Success in writing may mean many different things. I do not know that I have ever reached it, except in the sense of liking better and better to write, and of finding expression easier. It is something to have won the privilege of going on. Sympathy and recognition are worth a great deal; the power to touch human beings inwardly and nobly is worth far more. The hope of attaining to such results, if only occasionally, must be a writer's best inspiration.

So far as successful publication goes, perhaps the first I considered so came when a poem of mine was accepted by the "Atlantic Monthly." Its title was "The Rose Enthroned," and as the poet Lowell was at that time editing the magazine I felt especially gratified. That and another poem, "The Loyal Woman's No," written early in the War of the Rebellion, were each attributed to a different person among our prominent poets, the "Atlantic" at that time not giving authors' signatures.
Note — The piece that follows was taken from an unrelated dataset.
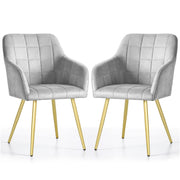 Set di 2 Sedie imbottite con cuciture quadrate LUXANO Grigio gambe oro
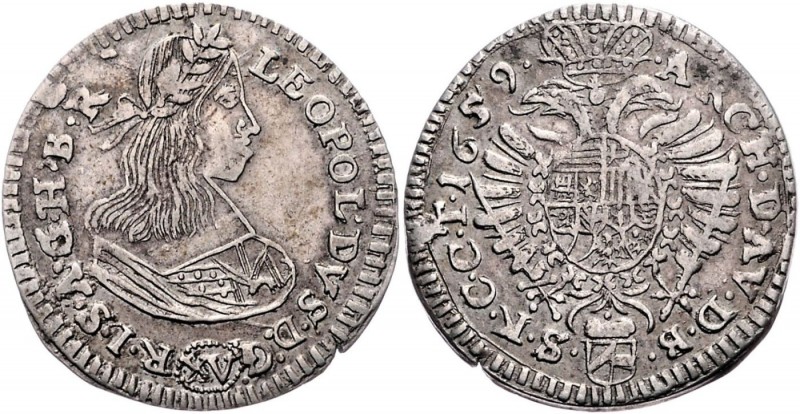 Leopold I. 1657 - 1705
 XV Kreuzer 1659 seltene Var., Kartusche gepunktet. Wien...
Of course I knew the unlikeness; nevertheless, those who made the mistake paid me an unintentional compliment. Compliments, however, are very cheap, and by no means signify success. I have always regarded it as a better ambition to be a true woman than to become a successful writer. To be the second would never have seemed to me desirable, without also being the first.

In concluding, let me say to you, dear girls, for whom these pages have been written, that if I have learned anything by living, it is this,—that the meaning of life is education; not through book-knowledge alone, sometimes entirely without it. Education is growth, the development of our best possibilities from within outward; and it cannot be carried on as it should be except in a school, just such a school as we all find ourselves in—this world of human beings by whom we are surrounded. The beauty of belonging to this school is that we cannot learn anything in it by ourselves alone, but for and with our fellow pupils, the wide earth over. We can never expect promotion here, except by taking our place among the lowest, and sharing their difficulties until they are removed, and we all become graduates together for a higher school.

Humility, Sympathy, Helpfulness, and Faith are the best teachers in this great university, and none of us are well educated who do not accept their training. The real satisfaction of living is, and must forever be, the education of all for each, and of each for all. So let us all try together to be good and faithful women, and not care too much for what the world may think of us or of our abilities!

My little story is not a remarkable one, for I have never attempted remarkable things. In the words of one of our honored elder writers, given in reply to a youthful aspirant who had asked for some points of her "literary career,"—"I never had a career."